Retour à l'Afrique. Le football n'est pas seulement ici -avec la lutte sénégalaise- le sport national qui suscite les rêves de biens des petits garçons des villages et des quartiers. Il est aussi pour quelques rares mais médiatisés joueurs l'occasion de très belles carrières sportives. Mais, à l'instar de Sadio Mané justement, ces carrières se déroulent à l'étranger, principalement dans les grands clubs européens. Cette coupe des Nations est l'occasion d'une légitime réappropriation de ces stars du foot pour tous ces peuples du continent qui ont vibré ces dernières semaines. La ferveur populaire qui accueille les héros de retour au pays s'explique aussi par ce sentiment de juste retour des choses.
Vert-Jaune étoilé-Rouge. Au Sénégal comme ailleurs, les difficultés du quotidien suscitent beaucoup de récriminations, de doutes, d'égoïsmes et de cynisme. La Coupe est ainsi une occasion -rare- de (re)découvrir la fierté d'un patriotisme sincère et positif. Il suffisait de traverser hier tous ces villages, pavoisés comme jamais je ne les ai vus avant : des quêtes se sont spontanément organisées partout pour acheter de la peinture pour marquer au sol les couleurs nationales. Les mercières de quartier ont fait chauffer les machines à coudre toute la journée pour répondre à la demande inédite de petits chiffons tricolores aux couleurs du Sénégal que chacun -je n'y ai pas échappé- se devait d'arborer pour être à l'unisson de l'enthousiasme collectif.
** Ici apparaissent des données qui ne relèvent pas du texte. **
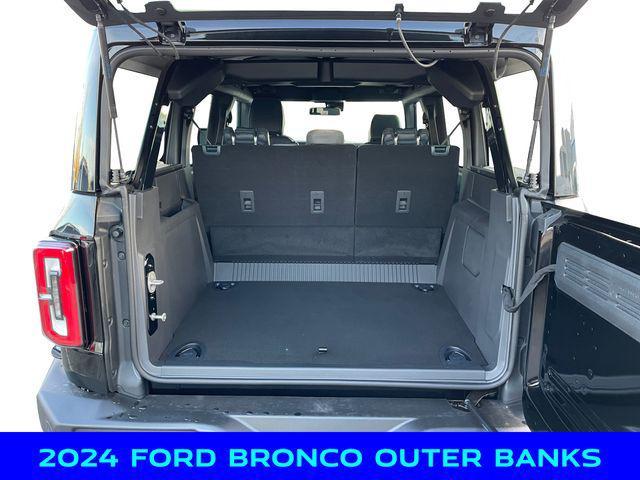 new 2024 Ford Bronco car, priced at $49,500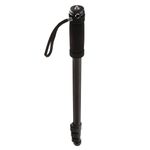 Amazon Basics - Lightweight Portable Extendable Camera & Photography Monopod, Aluminum, Telescopic - 21 to 67 inch, Black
Le temps du Sénégal ? Dans ce genre de situation, la politique et les politiques ont tôt fait de tenter d'engranger les acquis de cette joie collective à leur bénéfice : les supporters de Macky Sall, le Président sénégalais, ont aussitôt fait le rapprochement entre cette victoire et la Présidence que Macky vient de prendre pour un an à la tête de l'Unité Africaine. Quel lien entre les deux évènements ? Aucun, mais ça ne coute rien de le dire... :)
Olympisme. Précipitamment rentré d'Ethiopie où il présidait justement sa première Assemblée générale de l'UA, Macky a reçu au Palais présidentiel les héros du jour. Fait rare : il avait convié à cette cérémonie, outre les invités habituels, les leaders de l'opposition y compris les plus radicaux. Lesquels n'ont pu faire moins que de saluer publiquement ce geste. Le sport au service sinon de la réconciliation nationale, du moins d'une trêve heureuse dans une période plutôt marquée par l'âpreté du combat électoral. Les principes fondateurs de l'olympisme ne sont donc pas morts.